かつて世界に子どもを労働力としか見ていなかった国があった!今の日本はどうだろう?

子どもたち 生活

先日、テレビを見ていたら児童移民という言葉が耳に入ってきました。19世紀後半から20世紀後半に渡り、イギリスから小学生程度の子どもたちが強制的にオーストラリアに移民させられたのだそうです。

労働力として移民となった子どもたち

親が亡くなったり、事情があって一緒に暮らせない子どもたちが施設に預けられ、そこで半ば騙されて(親は死んだなどと言われ、オーストラリアに行くことを受け入れた子どももいました)オーストラリアに送られました。

オーストラリアでは子どもたちは、順応性の高い労働力としてあてにされており、過酷な労働を強制されるのはもちろん、様々な虐待を受けることにもなりました。オーストラリアは過疎の状態が続き、政府はこのままでは労働力不足は免れないとイギリスからの子どもたちを積極的に迎え入れたのです。

強制移民は1967年まで続いたそうです。私が生まれたころもそんなことが行われていたとは、信じがたいことです。子どもたちは自分たちの名前や誕生日、本当の両親については知らされず、教育を受ける機会も与えられませんでした。自分たちが何者かもわからないまま、半ば強制的に苦しい労働に従事せざるを得なかったのです。

また、強制移民となった子どもの本当の親にも事情は知らされることはありませんでした。子どもは良い家の養子になるから、連絡は取れなくなると施設側に言われ、何十年もそれを信じていた親もいたのです。

日本の子どもも強制移民と変わらない

まったく信じがたい話であるにもかかわらず、なぜか私は今の日本と似ていると感じてしまいました。日本の少子化が進み、もう何年も前から政府は少子化対策を声高に掲げています。あれも支援、これも支援して子どもを育てる金銭的な負担を少しでも減らそうと躍起になっています。

しかし、政府の少子化対策とは突き詰めると将来の労働力が不足しないように、年金制度が破綻しないように、今から手を打つためのものです。つまり強制移民として子どもたちを受け入れたオーストラリアの政府と考えは変わりません。

オーストラリア政府ではゆりかごが空なら、他から連れてくることもやむを得ない、と言われたそうです。さしずめ日本ではゆりかごが空なら、急いで子どもを作らなくては、と考えたように思えます。

その考えが透けて見えるから、少子化対策は効果が出ないのではないでしょうか。
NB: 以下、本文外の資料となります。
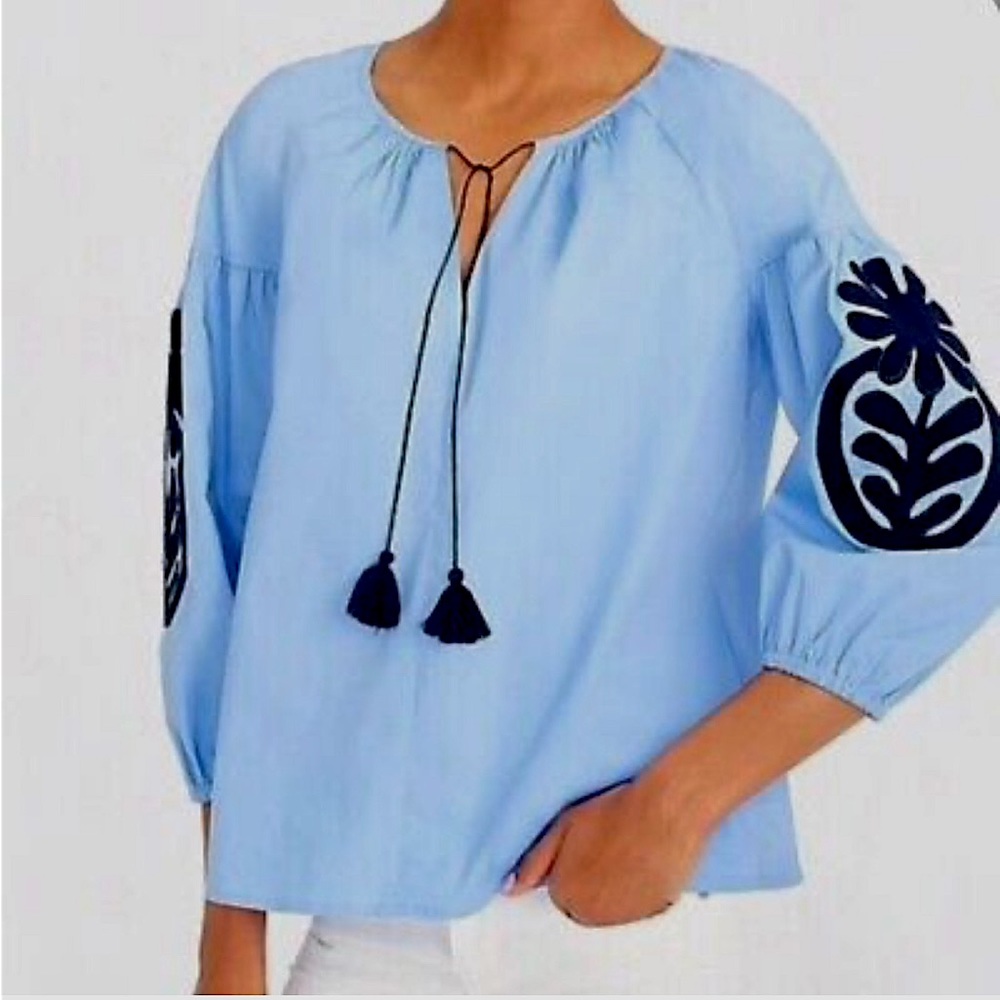 J. Crew Pastel Blue Embroidered Blouse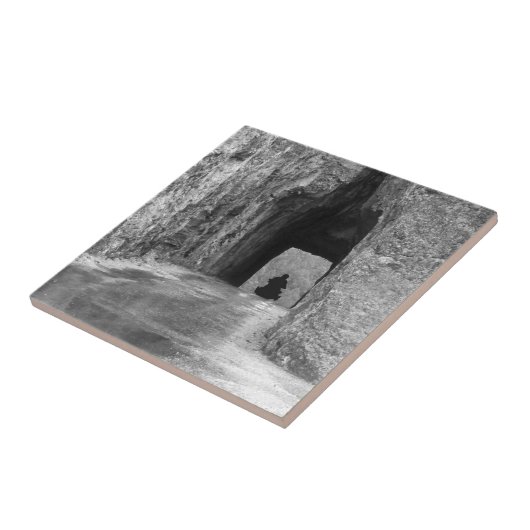 Needles Highway Tunnel Fliese (Seite)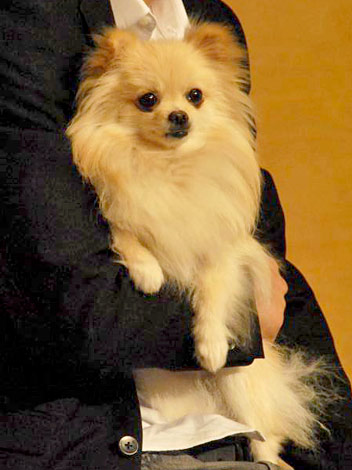 画像 写真 錦戸亮主演ドラマの会見に南相馬の迷い犬 アーツが参加 7枚目 Oricon News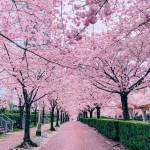 Jenny ở Quận 10, TP Hồ Chí Minh - Người chân thành nhiệt tình và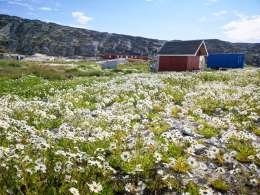 Ilulissat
これからの日本は老人だらけの国になり、年金制度を維持するのは大変でしょう。数少ない子どもたちが大人になったときに、国の経済を回していくのも大変だと思います。今、子どもを生んでも将来苦労するのがわかりきっているのに、政府の言うことを聞いて子どもを生もうと考える人がいるとは思えません。

生む、生まないに誰も踏み込むべきではない

かつて日本でも産めよ増やせよ、がスローガンになった時代がありました。このときは労働力だけでなく兵力としても子どもをあてにしたのです。後に第二次世界大戦へと突入して、日本は大変な時代を迎えます。国や政府といったものが、個人のプライベートに踏み込むとき、ろくなことにならないことを証明しているような気がしてなりません。

もちろん私は少子化対策のすべてを否定するわけではありません。必要な人に必要な支援が届くようにしておくべきだと思っています。しかし、これだけ支援しているんだから生むよね?という姿勢ではいつまでたっても子どもは増えないような気がするのです。

それではどうしたら良いか…それは私にもわかりません。滅びるものは滅び行くままに、とも思うのですが、それは無責任なのでしょうか。